THE mourning wife of the Sunshine Coast veteran who was crushed in a Tasmanian mine tragedy has attacked the Department of Defence for long recruitment delays that she says led to his death.
Nathaniel Beesley, 32, died on March 17 in the Savage River mine rockfall, and his wife is angry he had to take the job in the first place.
He was working to support his family while waiting for a transfer to the Australian Defence Force, after serving on two tours of Afghanistan in the UK Royal Marines.
His wife Katie Beesley said he had been attempting to make the transfer since 2014.
She left a scathing message on the Defence Force Jobs Facebook page after the tragedy.
"You have told my husband since July last year that his interview would be 'next month' and yet no interview or arrangements were made," Mrs Beesley said.
"He was not contacted despite being told weeks ago by an army major that he would get back to him 'within a couple of days'.

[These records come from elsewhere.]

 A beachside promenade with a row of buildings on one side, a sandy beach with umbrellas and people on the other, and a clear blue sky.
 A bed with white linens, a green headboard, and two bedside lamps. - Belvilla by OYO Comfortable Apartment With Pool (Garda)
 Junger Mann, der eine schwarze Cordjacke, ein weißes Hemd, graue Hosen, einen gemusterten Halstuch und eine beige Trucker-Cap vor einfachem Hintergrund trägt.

"I do not want any bureaucratic, 'this is the process' generic response. I want answers from those who run the recruitment process. Because at some point in the future I need to explain to my 4-year-old and 1-year-old why he was treated so badly."

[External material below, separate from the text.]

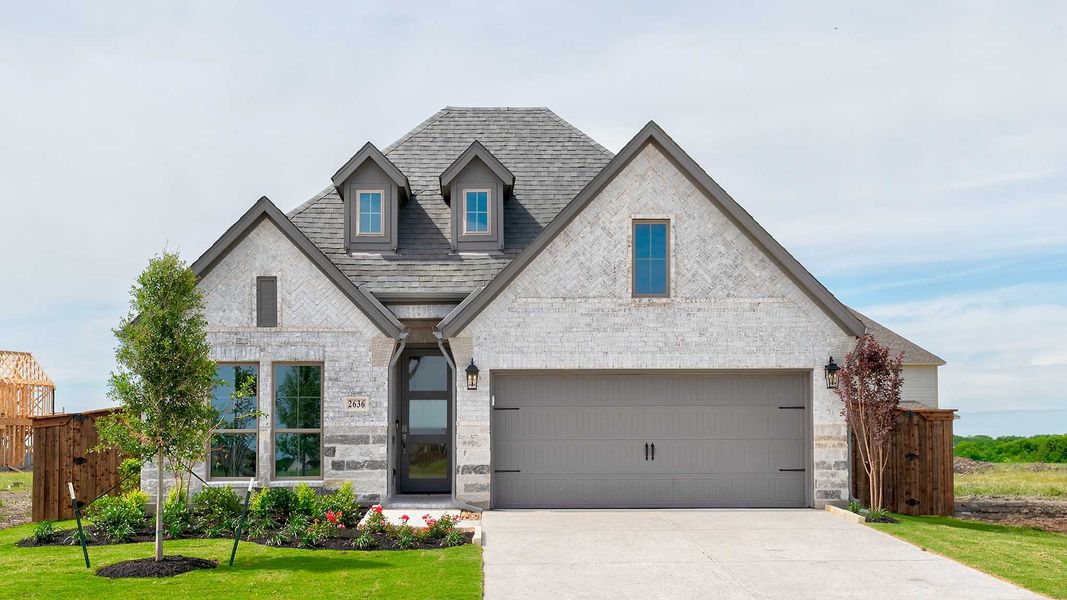 Front exterior of a new home in Meraki, Forney, TX, highlighting curb appeal (Image 1). Front exterior of a new home in Meraki, Forney, TX, highlighting curb appeal (Image 1).
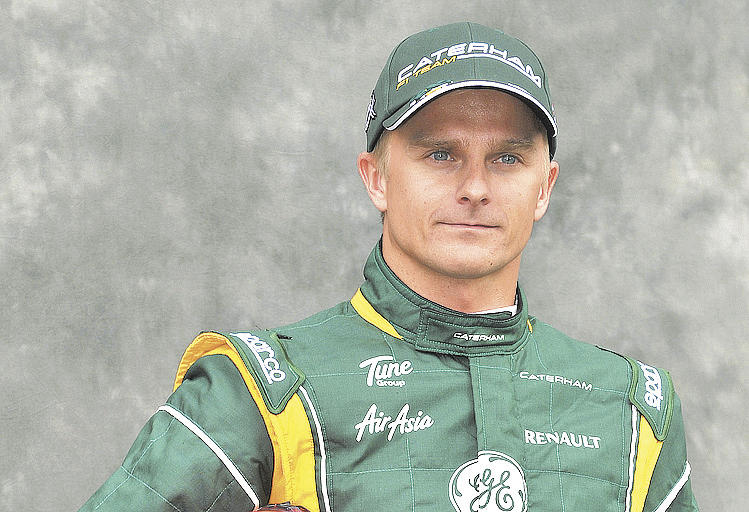 A Lotus espera que Heikki Kovalainen contribua com sua experiência - AFP PHOTO / PAUL CROCK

A Defence spokesman said the agency was examining the circumstances of the application.
Royal Marines Association Queensland president Cleve Whitford, who successfully transferred to the Australian Navy after emigrating, told the Courier Mail the process was not complicated.
He said recruiters should have done everything possible to enlist a soldier with Mr Beesley's experience and training.
Friends of the family have set up a GoFundMe page to help support Mrs Beesley and her two sons.
Donors have already raised more than $32,000 in five days.
Mrs Beesley said her husband's body had been recovered from the mine.
"I am told his death would have been instant - no suffering," she said in a message to supporters.
"I am also told that Nathan was the one who raised the alarm so that the other workers had time to shelter from the falling rock.
"They all survived thankfully. But Nathan stood no chance - the rocks fell directly onto him.
"Nathan has always been a hero, we all know that. But the fact that he was a hero in the very last moments of life is incredible and so comforting.
"Deep down, through all the grief and pain, I know I am blessed because I had him for 13 whole years - he was mine and I was his and that will never change because I know he is still with me and the boys really."
WorkSafe Tasmania is investigating the circumstances behind the mining tragedy.